Welchen Zweck hat die Petition?

Es geht nicht nur um die Pius-Bruderschaft und die Holocaust-Leugnung ihres "Bischofs" Williamson. Es geht uns vor allem um die volle Anerkennung der Beschlüsse des Zweiten Vaticanums. Wir befürchten eine Rückkehr von Teilen der römisch-katholischen Kirche in eine antimodernistische Exklave. Gerade jetzt in der Phase der Beschwichtigung ist unsere positiv gerichtete Petition besonders wichtig.

Warum reagiert der Regensburger Bischof so scharf auf die Unterzeichner der Petition?

Das weiß ich nicht. Dem Bischof sind die Verfasser der Petition schon lange ein Dorn im Auge und auch die Kirchenvolksbewegung "Wir sind Kirche", die inzwischen die nationale und internationale Verbreitung übernommen hat.

Wer hat mittlerweile Ihre Petition unterzeichnet?

Aus ganz Europa gehen täglich auf der Internetseite (http://archiv.wir-sind-kirche.de/petition-vatikanum2.org/) neue Unterschriften ein. Auch ich selbst bekomme jeden Tag manchmal bis zu 600 Unterschriften mit der Post zugeschickt. Die Unterzeichner und Unterzeichnerinnen stammen aus allen Schichten der Kirche. Insbesondere fällt auf, dass viele Pfarrer, Ordensfrauen und so genannte "Laien" im kirchlichen Dienst die Petition unterschreiben und sich manchmal noch eigens für die Initiative bedanken.

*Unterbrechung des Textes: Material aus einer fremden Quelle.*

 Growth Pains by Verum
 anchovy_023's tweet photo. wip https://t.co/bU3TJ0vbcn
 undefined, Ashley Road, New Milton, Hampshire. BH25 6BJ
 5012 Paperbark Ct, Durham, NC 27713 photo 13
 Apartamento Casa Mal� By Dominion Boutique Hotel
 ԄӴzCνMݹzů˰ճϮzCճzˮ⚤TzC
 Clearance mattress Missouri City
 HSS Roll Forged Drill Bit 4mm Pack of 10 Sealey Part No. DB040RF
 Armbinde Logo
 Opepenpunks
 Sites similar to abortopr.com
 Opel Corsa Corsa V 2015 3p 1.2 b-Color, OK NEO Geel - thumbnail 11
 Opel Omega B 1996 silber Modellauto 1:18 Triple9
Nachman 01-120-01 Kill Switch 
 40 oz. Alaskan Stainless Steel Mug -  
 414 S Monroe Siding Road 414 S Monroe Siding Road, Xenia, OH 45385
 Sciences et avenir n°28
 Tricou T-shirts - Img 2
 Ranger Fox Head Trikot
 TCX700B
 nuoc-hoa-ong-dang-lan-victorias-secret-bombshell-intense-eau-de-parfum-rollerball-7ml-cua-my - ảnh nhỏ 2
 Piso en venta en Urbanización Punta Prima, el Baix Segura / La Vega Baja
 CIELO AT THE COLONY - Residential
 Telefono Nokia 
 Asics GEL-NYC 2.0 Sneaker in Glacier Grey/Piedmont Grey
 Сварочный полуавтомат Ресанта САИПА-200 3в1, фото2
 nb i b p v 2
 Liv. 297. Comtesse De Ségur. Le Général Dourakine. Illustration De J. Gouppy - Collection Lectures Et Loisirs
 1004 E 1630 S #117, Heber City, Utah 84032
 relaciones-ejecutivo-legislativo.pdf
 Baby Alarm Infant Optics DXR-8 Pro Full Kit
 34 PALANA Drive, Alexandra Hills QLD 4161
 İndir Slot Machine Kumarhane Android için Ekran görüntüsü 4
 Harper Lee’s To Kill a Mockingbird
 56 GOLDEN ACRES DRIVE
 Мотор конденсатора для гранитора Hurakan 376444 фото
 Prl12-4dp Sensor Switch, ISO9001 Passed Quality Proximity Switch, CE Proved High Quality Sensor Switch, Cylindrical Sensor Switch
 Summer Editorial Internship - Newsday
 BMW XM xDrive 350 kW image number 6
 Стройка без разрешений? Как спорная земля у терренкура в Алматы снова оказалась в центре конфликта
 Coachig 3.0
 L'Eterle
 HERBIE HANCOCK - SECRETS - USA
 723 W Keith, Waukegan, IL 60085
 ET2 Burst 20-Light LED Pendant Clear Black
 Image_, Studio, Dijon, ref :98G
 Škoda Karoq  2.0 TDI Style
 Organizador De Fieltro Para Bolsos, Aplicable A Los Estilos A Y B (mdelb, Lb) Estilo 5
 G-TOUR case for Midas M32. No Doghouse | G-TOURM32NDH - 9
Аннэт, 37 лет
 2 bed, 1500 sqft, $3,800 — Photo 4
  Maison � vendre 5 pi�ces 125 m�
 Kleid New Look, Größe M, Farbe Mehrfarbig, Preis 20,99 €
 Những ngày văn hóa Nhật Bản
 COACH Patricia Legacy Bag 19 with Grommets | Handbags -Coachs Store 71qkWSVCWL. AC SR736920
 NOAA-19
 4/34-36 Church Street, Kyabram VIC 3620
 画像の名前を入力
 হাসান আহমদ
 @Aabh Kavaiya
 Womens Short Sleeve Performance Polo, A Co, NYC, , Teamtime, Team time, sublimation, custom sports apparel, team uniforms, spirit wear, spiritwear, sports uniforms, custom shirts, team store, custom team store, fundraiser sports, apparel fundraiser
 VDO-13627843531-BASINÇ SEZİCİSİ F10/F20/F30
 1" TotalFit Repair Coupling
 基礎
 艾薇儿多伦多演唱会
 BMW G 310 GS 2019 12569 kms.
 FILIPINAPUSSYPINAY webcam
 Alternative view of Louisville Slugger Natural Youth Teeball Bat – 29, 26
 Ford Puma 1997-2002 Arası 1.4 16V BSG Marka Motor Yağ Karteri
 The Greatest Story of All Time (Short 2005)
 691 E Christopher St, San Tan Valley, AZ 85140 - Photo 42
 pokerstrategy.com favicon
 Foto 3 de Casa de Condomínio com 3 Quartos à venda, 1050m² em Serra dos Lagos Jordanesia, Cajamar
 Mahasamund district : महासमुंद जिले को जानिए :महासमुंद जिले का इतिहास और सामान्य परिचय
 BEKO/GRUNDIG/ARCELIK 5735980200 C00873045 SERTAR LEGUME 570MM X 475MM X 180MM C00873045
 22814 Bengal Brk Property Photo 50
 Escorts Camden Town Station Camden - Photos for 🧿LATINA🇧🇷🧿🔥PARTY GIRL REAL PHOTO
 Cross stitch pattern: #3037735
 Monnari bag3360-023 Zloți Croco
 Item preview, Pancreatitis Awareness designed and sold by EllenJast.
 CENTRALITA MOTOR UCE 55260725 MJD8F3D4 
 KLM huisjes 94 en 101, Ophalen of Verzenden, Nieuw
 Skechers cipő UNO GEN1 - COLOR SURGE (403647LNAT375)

Auch in Heidelberg gibt es Tendenzen gegen die Beschlüsse des Zweiten Vatikanischen Konzils. Was halten Sie davon, die St. Anna-Kirche in der Plöck für lateinische Gottesdienste von "Ecclesia Dei" zu öffnen?

Ich habe nichts einzuwenden gegen eine Vielfalt von Gottesdienstformen innerhalb der katholischen Kirche. Es gab übrigens schon vor dem Konzil unterschiedliche Riten. Kritisch wird es erst dann, wenn die eine Seite der anderen das Kirche-Sein abspricht und gar, wie im Fall von Bischof Müller, mit Zwangsmaßnahmen droht.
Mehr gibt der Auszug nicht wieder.